Avril Lavigne au Trabendo (Paris). Mars 2007. (Photo : Charlotte SCHOUSBOE/EUROPE 2 TV)
Oui je suis allé voir Avril Lavigne, et alors ?! Oui, c’est ultra commercial, oui c’est plutôt pour ma petite sœur que pour moi. Mais la jeune (23 ans) belle et blonde Canadienne en concert exclusif en France, avant la tournée officielle, ça ne se refuse pas. Elle est très douée, le concert est coloré et rythmé, elle s’exprime dans un chant d’une rare perfection et ses musiciens arrachent leurs guitares avec une précision punk US de la nouvelle heure. C’est un show à l’américaine, rien ne déborde, pas une fausse note. Impressionnant. C’est propre, sûrement trop. Un formatage qui aseptise les mélodies sympathiques qu’Avril défend elle-même.
Malgré tout, la chanteuse arrive à transmettre quelque chose d’unique même si son récent mimétisme de Gwen Stephani ou Pink lui ont fait perdre en originalité.
L’attitude «fucking princess», comme elle le dit dans son single Girlfriend, coquette et rebelle qui peut s’habiller en rose et cracher par terre, ça marche.
Ainsi, avril sera sans aucun doute son mois, 2007 sûrement son année. Après le succès international et indiscutable de ses deux premiers albums (plus de 20 millions d’exemplaires vendus), elle sort The best damn thing qui vient s’ancrer parfaitement dans la tendance teenage-néo-émo (oui il faut bien trouver des mots !).

Avril Lavigne et son groupe au Trabendo (Paris). Mars 2007. (Photo : Charlotte SCHOUSBOE/EUROPE 2 TV)
Pied de micro rose fluo, batterie à paillettes, nouveau logo tête de mort, damiers noir et blanc, tous les codes de la grande vague rock commerciale américaine sont utilisés.

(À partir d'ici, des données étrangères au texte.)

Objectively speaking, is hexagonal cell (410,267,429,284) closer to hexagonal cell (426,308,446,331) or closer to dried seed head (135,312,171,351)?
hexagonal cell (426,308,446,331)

Ce n’est pas nouveau pour Avril Ramona Lavigne, épouse Deryck Whibley, le chanteur du groupe de Punk Rock canadien Sum 41, depuis le 15 juillet 2006. En effet, son premier disque Let go (2002) réussit déjà à l’installer comme un emblème du skate-punk moderne (le grand frère de l’émo d’aujourd’hui). Puis, avec ses yeux soulignés de noirs Under my skin (2004), plus rock, plus sombre (pendant un court instant où le rock médiatisé eut des relents gothiques), elle élargit son public.
Aujourd’hui l’émo est le mariage de ces deux genres. Une fusion du punk à roulettes, des pokémon-gothiques et de la Star Academy. Avril Lavigne incarne tout ça. The best damn thing devrait tout logiquement trouver son public et couronner la princesse.